Saved entries
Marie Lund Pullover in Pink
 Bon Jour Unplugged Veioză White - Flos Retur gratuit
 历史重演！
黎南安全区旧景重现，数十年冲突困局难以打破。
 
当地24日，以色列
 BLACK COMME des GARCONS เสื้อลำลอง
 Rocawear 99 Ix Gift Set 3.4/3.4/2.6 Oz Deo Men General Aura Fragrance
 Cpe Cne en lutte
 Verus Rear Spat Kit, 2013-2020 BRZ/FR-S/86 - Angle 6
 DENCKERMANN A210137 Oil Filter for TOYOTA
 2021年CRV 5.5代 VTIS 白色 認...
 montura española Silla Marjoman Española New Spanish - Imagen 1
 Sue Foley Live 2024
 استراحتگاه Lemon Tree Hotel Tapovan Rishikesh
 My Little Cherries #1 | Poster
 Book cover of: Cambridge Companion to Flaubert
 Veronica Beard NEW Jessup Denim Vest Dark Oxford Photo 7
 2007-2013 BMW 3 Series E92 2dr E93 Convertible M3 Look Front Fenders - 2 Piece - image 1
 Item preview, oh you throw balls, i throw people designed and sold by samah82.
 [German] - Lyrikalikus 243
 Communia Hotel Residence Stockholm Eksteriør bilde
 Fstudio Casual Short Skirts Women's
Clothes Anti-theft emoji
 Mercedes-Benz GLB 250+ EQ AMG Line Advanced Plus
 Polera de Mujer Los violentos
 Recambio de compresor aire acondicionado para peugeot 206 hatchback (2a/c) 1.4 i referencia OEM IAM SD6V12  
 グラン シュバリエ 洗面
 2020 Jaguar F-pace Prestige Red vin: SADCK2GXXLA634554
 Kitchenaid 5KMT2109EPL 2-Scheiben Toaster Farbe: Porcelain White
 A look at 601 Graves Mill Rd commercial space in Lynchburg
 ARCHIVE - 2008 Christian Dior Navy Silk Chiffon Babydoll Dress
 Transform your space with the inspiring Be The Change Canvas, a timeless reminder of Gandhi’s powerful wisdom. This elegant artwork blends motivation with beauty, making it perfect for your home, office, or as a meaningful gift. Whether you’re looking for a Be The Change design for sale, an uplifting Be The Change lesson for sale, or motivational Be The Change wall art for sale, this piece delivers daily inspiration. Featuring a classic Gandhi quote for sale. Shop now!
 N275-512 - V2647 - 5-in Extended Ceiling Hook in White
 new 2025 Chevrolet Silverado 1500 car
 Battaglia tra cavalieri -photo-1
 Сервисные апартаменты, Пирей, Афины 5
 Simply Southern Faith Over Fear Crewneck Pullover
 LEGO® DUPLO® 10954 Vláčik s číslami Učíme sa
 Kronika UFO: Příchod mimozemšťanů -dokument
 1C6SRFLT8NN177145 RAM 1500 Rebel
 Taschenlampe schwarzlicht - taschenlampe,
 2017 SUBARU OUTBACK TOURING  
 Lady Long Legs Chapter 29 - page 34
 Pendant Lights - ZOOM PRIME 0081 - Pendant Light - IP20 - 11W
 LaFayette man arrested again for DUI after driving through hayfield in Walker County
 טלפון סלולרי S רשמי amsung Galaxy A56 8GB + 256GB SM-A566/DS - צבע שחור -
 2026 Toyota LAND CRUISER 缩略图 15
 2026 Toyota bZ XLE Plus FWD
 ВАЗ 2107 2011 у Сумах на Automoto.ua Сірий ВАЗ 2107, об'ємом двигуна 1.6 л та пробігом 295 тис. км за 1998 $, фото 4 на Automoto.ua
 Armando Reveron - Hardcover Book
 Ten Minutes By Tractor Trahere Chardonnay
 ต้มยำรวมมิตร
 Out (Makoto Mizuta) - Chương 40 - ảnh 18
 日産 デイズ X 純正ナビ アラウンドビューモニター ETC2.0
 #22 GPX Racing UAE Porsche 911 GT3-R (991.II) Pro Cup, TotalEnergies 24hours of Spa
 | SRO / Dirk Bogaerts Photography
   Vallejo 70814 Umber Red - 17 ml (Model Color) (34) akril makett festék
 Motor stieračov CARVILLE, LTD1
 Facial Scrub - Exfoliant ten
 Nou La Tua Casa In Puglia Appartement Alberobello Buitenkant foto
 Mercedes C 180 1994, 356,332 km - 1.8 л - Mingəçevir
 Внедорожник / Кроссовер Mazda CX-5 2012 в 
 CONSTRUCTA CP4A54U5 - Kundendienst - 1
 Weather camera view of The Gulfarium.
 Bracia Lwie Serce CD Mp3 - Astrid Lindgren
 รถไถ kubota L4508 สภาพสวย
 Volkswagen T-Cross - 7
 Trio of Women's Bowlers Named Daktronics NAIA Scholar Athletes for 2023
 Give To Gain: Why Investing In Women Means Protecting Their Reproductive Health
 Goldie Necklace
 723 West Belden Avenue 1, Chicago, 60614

- Assigned task
In the records above, find the line containing "Nou La Tua Casa"; please retype it and every line after it through the last line, exactly and with nothing else.

- Completed exercise
 Nou La Tua Casa In Puglia Appartement Alberobello Buitenkant foto
 Mercedes C 180 1994, 356,332 km - 1.8 л - Mingəçevir
 Внедорожник / Кроссовер Mazda CX-5 2012 в 
 CONSTRUCTA CP4A54U5 - Kundendienst - 1
 Weather camera view of The Gulfarium.
 Bracia Lwie Serce CD Mp3 - Astrid Lindgren
 รถไถ kubota L4508 สภาพสวย
 Volkswagen T-Cross - 7
 Trio of Women's Bowlers Named Daktronics NAIA Scholar Athletes for 2023
 Give To Gain: Why Investing In Women Means Protecting Their Reproductive Health
 Goldie Necklace
 723 West Belden Avenue 1, Chicago, 60614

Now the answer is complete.